Grande première au Palais Garnier avec la création française de l'opéra contemporain de la compositrice finlandaise Kaija Saariaho. Opéra en langue anglaise (surtitré en français) et en deux parties composées chacune à partir d’une pièce de théâtre nô japonais dans la traduction du poète américain Ezra Pound. Outre l’Opéra de Paris, l’oeuvre est le fruit d’une commande publique impliquant quatre autre institutions, celle d’Amsterdam où elle a été créée en 2016, et celles de Toronto, Madrid, Helsinki. C’est dire les moyens accordés à cette création qui tant par la musique, maniant avec parcimonie l’électronique et la spatialisation du son, que par son dispositif scénique, tend vers l'abstraction et l’épure.

« Seul le son demeure », c’est ainsi qu’on pourrait traduire le titre de cet hymne très dépouillé à la musique. Un hymne chanté par deux servants, le contre-ténor Philippe Jaroussky (qui chante pour la première fois à l'Opéra de Paris) et le baryton-basse Davone Tines, deux grandes voix auxquelles s’ajoutent une danseuse, et un quatuor vocal qui fait office de choeur. Restreinte, la partie instrumentale, quant à elle, est assurée par une percussion, une flûte et un Kantele (instrument à cordes pincées finlandais, équivalent du koto japonais) et un quatuor à cordes auquel se conjuguent des murmures électroniques.

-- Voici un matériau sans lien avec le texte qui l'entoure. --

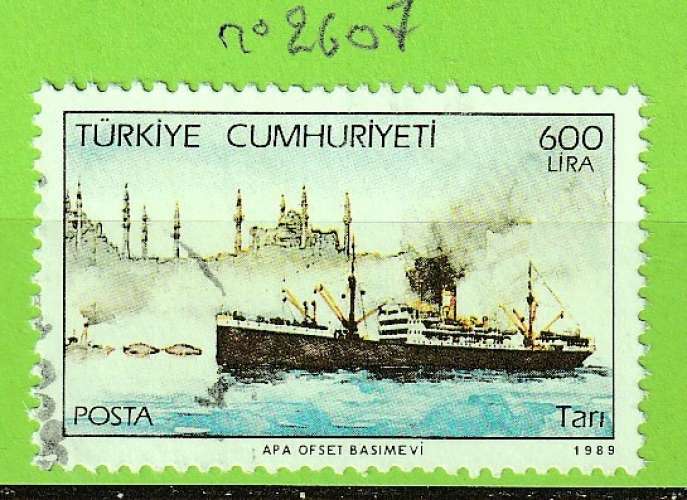 TURQUIE YT N°2607 OBLIT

Ami de la compositrice depuis ses premières œuvres qu’il a montées au début des années 2000, Peter Sellars, dont on connaît le goût pour les cultures et les philosophies orientales, s’inscrit dans la lignée des pièces japonaises du XVème siècle dont est inspiré l’opéra. Le nô, genre très codifié combinant des chroniques versifiées modulées par les acteurs et des pantomimes dansées, est mêlé ici à la musique et au chant, dans une grande sobriété voulue par le metteur en scène américain. Le décor dû à la plasticienne Julie Mehretu tient tout entier en une grande toile peinte de zébrures sur fond sépia ouvrant le champ à toutes les interprétations. Posée sur le devant de scène, la toile entre lequelle vont et viennent les personnages est comme un voile séparant le réel de l’invisible. Les lumières jouent un grand rôle avec les ombres chinoises des protagonistes qui se découpent comme dans le cinéma expressionniste.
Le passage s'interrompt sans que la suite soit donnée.